WORK REQUEST:
Reproduce the entries in full and exactly. Pictures stay out.

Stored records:
++++++
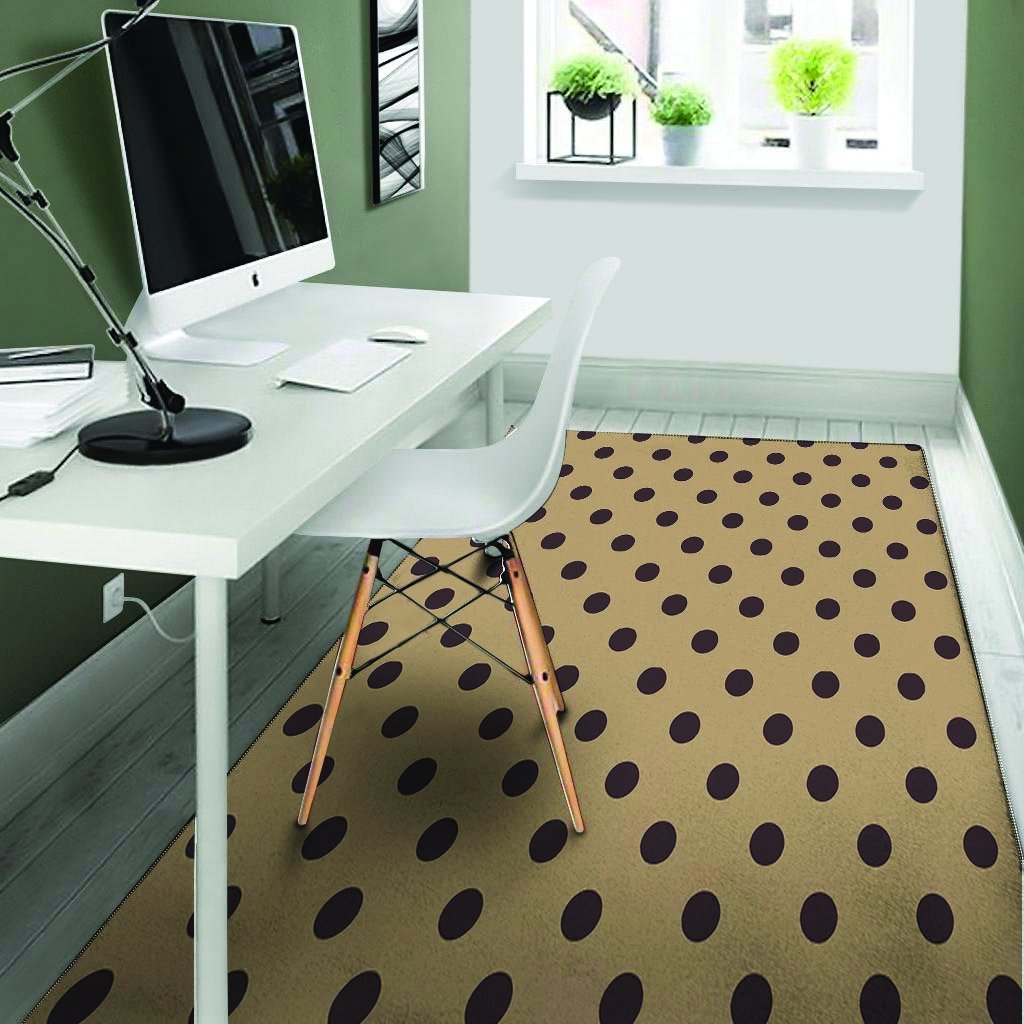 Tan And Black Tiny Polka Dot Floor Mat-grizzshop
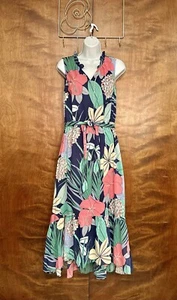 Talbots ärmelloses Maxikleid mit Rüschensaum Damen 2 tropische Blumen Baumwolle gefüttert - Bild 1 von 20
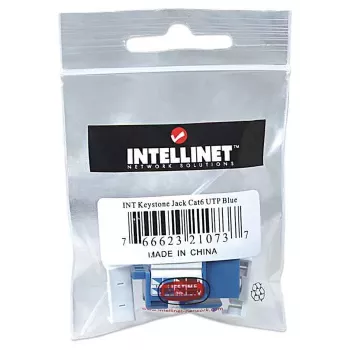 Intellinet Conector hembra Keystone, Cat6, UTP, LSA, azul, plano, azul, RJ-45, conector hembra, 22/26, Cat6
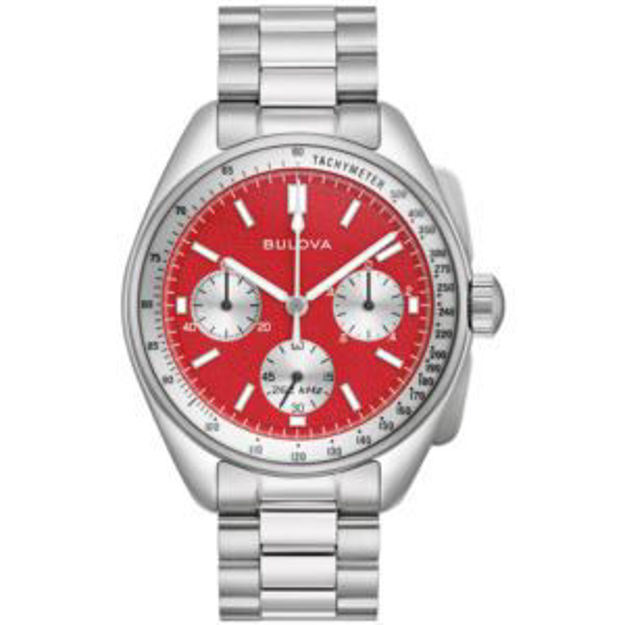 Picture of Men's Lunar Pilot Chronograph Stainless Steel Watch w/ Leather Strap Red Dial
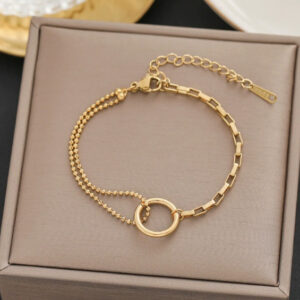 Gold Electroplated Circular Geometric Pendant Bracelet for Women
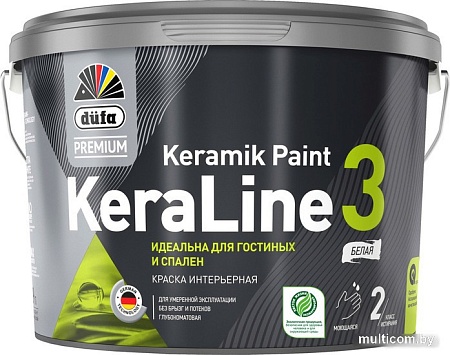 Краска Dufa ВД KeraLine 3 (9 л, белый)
++++++
SOLUTION:
 Tan And Black Tiny Polka Dot Floor Mat-grizzshop
 Talbots ärmelloses Maxikleid mit Rüschensaum Damen 2 tropische Blumen Baumwolle gefüttert - Bild 1 von 20
 Intellinet Conector hembra Keystone, Cat6, UTP, LSA, azul, plano, azul, RJ-45, conector hembra, 22/26, Cat6
 Picture of Men's Lunar Pilot Chronograph Stainless Steel Watch w/ Leather Strap Red Dial
 Gold Electroplated Circular Geometric Pendant Bracelet for Women
 Краска Dufa ВД KeraLine 3 (9 л, белый)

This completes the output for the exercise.